Engaging, tender and astute, Douglas Walbourne-Gough’s debut poetry collection Crow Gulch lends its attention to a working-class community formerly located to the west of Corner Brook, Newfoundland. The author, himself descended from Crow Gulch paper mill workers, uses compact, dense language to sketch his portrait of a place settled in the 1920s by mostly migrants, many of whom had Mi’kmaw ancestry. The people of Crow Gulch would eventually be relocated, sometimes forcibly, by the Newfoundland government in the 1970s and 1980s.
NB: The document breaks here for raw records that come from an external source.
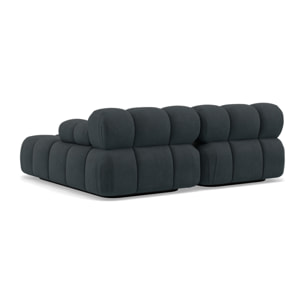 Ruby - canapé droit 4 places avec double méridienne - assise profonde - en velours texturé - Noir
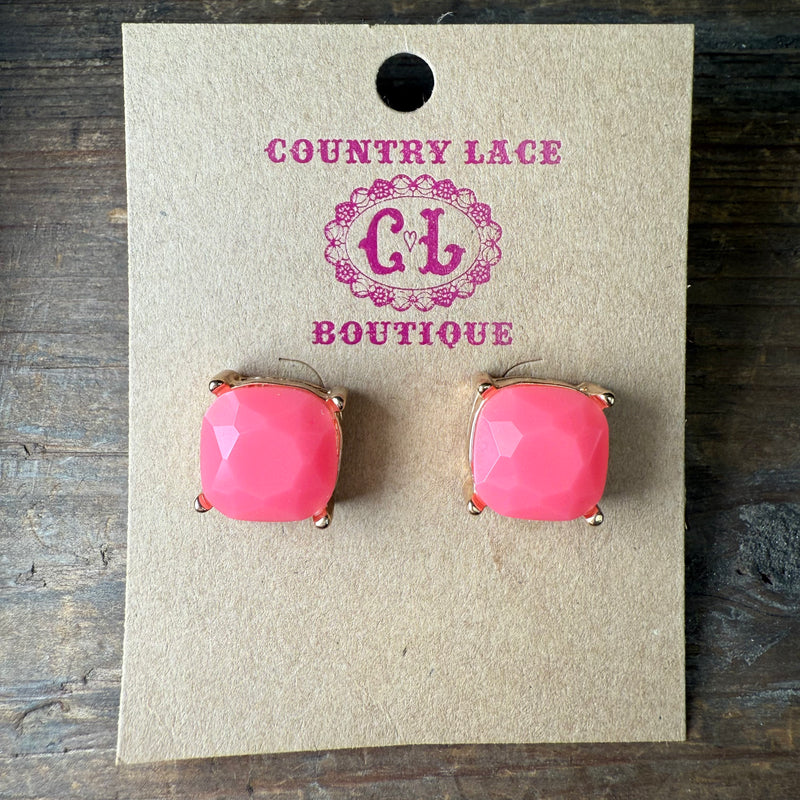 Pink Gold Post Stud Fashion Earring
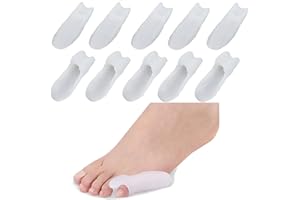 RUNRAYAY Paquete de 10 protectores de juanetes con separador, almohadillas de gel para juanetes de sastre para mujeres, juanetes, almohadilla correctora de juanetes para llevar con zapatos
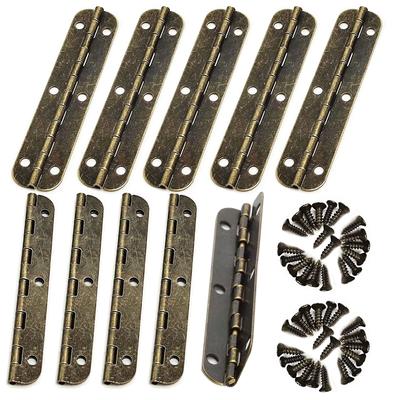 10Pcs Mini Lengthened Antique Brass Bronze Jewelry Chest Gift Wooden Music Box Wine Case Dollhouse Cabinet Door Hinge with Screw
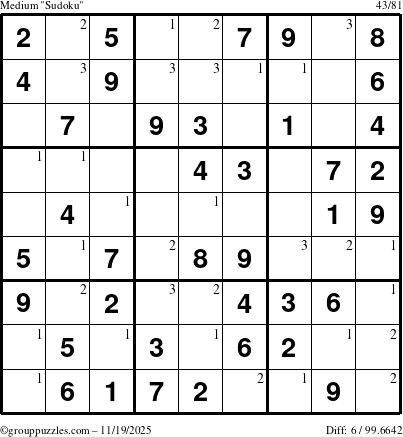 The grouppuzzles.com Medium Sudoku puzzle for Wednesday November 19, 2025 with the first 3 steps marked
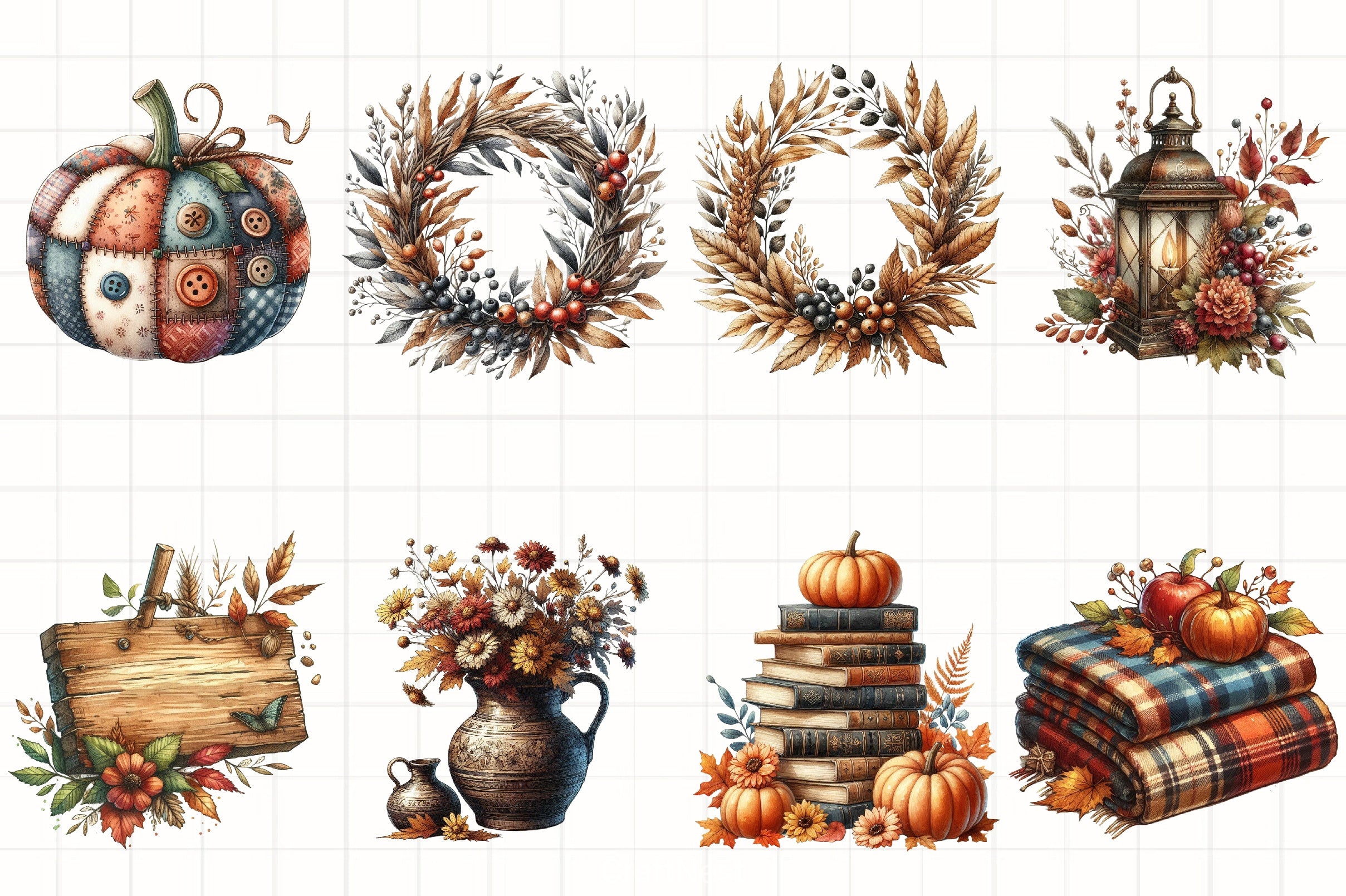 Vintage Fall Decorations Clipart Bundle - CraftNest - Digital Crafting and Art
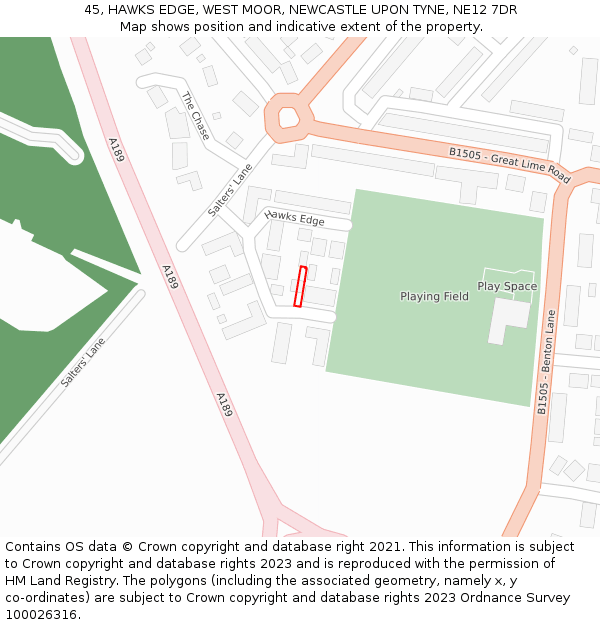 45, HAWKS EDGE, WEST MOOR, NEWCASTLE UPON TYNE, NE12 7DR: Location map and indicative extent of plot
Crow Gulch shows us a poet with a distinct style and point of view. Notably, many of the poems pack fragment sentences, often lists, next to each other. The result is a clipped tone and a tense atmosphere. In “Escape,” this technique underscores the bleak conditions faced by Crow Gulch’s residents: “No way to heat this house at night. / Winter mornings, your breath gone / vapour. Frost on the bunk above you, / on the ceiling, pray the firewood’s / not too damp.” The same structure is used in “Ella Josephine Campbell,” a poem written for the author’s grandmother, to whom Crow Gulch is dedicated. Here, the poet pays tribute to the strength of an ancestor who “made it work, / had to,” without compromising the complexity of her life, at once difficult and joyous: “Lived for a dance on the weekend, game / of Bingo during the week. Draped in her / favourite sweater, blue-green swirls on black / three times her size.”